Agreed I have been working obedience wile others are off in the distance giving bites who knows what might be going on near my car at a big event before we go on to the field.


----------



## Mike Lauer (Jul 26, 2009)

Gratz'
Looks like a good time had by all, sorry i missed it

Whats the story behind that fall?
That would scare me with some decoys 

That one decoy looks like the guy from the schz club in manchester


----------



## Katie Krall (Aug 29, 2009)

Timothy Stacy said:


> Sheldon's dogs obviously bites flesh on a regular basis in training. IDIOT!!!!
> Why even explain the shit for the 1 millionth time!!!
> It's pretty simple. Some people train to simply pass the sport and others train w/ the sport in mind but not simply for the sport aspect alone.
> ITS IN THE TRAINING MORON NOT THE EQUIPMENT


Actually, considering I live with both the dogs and know them very well, I'll be happy to assure you they do not bite flesh on a regular basis in training, but they are not equipment dependent either. It's fairly ridiculous to start attacking someone for making a comment when friendly discussion on the feelings toward dog sports is really what these threads are generally aimed toward. Getting so riled up over a simple post on the never-ending argument about 'sport dogs' and 'real dogs' makes you look like an over-sensitive drama fiend. Everyone should be aware by now that the feelings toward all these sports vary and you're going to get comments expressing those feelings whenever you open a thread. 

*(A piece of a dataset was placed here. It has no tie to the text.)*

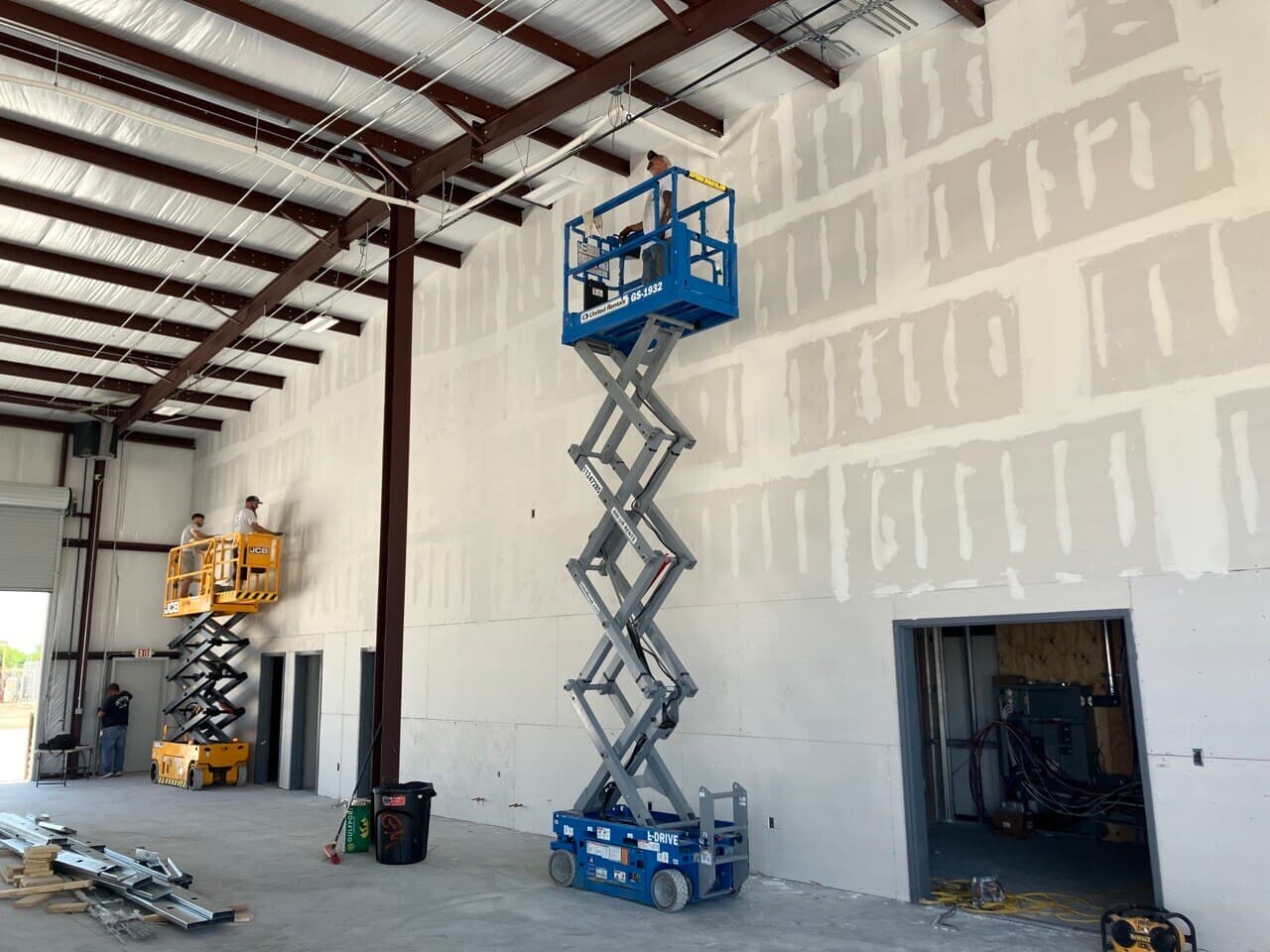 Satellite Shelters — Ground Up Build — project photo 30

Congratulations Addie and James! The picture where she is in the air with teeth out is awesome. How much does she weigh and how tall does she stand? Have you owned males? And if you have, do you notice any extreme differences when it comes to training? I've jumping back and forth between getting a male and a female and I'd love to hear thoughts.


----------



## Timothy Stacy (Jan 29, 2009)

Lmaooooooooooooooooo


----------



## James Downey (Oct 27, 2008)

Katie Krall said:


> Actually, considering I live with both the dogs and know them very well, I'll be happy to assure you they do not bite flesh on a regular basis in training, but they are not equipment dependent either. It's fairly ridiculous to start attacking someone for making a comment when friendly discussion on the feelings toward dog sports is really what these threads are generally aimed toward. Getting so riled up over a simple post on the never-ending argument about 'sport dogs' and 'real dogs' makes you look like an over-sensitive drama fiend. Everyone should be aware by now that the feelings toward all these sports vary and you're going to get comments expressing those feelings whenever you open a thread.
> 
> Congratulations Addie and James! The picture where she is in the air with teeth out is awesome. How much does she weigh and how tall does she stand? Have you owned males? And if you have, do you notice any extreme differences when it comes to training? I've jumping back and forth between getting a male and a female and I'd love to hear thoughts.


 
I have not owned a sport male. Addie is about 63lbs...and stands about 25 inches...give or take a few.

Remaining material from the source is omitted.